_Task to carry out_:
Go through the data below and gather each line containing "Shoulder".

_Supplied records_:
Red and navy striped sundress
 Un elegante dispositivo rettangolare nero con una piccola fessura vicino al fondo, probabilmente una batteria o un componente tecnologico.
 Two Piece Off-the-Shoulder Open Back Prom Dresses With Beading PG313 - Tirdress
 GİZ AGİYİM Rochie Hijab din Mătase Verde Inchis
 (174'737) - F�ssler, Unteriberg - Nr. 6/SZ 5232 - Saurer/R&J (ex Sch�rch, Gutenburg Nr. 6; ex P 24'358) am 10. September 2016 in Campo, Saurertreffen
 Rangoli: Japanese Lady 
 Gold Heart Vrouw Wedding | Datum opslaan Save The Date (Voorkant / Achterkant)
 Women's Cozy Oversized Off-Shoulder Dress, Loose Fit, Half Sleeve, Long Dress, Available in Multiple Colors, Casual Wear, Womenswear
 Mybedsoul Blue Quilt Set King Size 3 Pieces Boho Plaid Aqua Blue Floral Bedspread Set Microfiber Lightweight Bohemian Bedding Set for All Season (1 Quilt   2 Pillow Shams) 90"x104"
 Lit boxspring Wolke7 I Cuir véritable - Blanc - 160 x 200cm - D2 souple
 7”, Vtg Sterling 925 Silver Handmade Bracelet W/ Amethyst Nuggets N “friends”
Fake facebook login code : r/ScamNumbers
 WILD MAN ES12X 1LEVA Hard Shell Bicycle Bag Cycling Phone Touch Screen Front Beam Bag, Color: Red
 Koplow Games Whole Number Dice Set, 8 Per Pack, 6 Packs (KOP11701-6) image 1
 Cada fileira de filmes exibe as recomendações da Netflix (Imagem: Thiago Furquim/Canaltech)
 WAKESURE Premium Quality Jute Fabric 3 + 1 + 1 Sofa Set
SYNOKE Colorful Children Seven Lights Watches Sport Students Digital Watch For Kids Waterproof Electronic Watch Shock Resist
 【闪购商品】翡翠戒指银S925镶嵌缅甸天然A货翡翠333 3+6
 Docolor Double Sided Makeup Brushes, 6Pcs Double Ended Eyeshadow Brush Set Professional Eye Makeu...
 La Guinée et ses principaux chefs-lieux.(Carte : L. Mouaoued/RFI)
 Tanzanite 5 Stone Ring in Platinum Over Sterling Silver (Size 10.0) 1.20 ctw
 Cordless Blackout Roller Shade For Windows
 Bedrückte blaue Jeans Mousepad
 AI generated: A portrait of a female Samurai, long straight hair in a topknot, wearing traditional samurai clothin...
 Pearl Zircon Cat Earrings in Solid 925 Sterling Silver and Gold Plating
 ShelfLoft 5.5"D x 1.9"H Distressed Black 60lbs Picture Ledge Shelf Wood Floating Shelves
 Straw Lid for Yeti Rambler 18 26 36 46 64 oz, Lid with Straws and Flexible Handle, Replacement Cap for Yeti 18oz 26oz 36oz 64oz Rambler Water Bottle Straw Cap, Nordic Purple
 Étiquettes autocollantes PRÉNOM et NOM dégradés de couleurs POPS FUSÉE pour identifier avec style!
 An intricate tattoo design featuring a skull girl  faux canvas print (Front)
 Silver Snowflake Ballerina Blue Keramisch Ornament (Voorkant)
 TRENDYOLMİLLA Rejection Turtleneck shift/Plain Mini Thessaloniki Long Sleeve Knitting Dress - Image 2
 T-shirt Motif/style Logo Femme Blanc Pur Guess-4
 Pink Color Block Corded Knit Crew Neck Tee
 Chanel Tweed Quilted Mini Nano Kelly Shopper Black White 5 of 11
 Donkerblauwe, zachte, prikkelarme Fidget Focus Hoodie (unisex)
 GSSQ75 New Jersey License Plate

_Result for this exercise_:
 Two Piece Off-the-Shoulder Open Back Prom Dresses With Beading PG313 - Tirdress
 Women's Cozy Oversized Off-Shoulder Dress, Loose Fit, Half Sleeve, Long Dress, Available in Multiple Colors, Casual Wear, Womenswear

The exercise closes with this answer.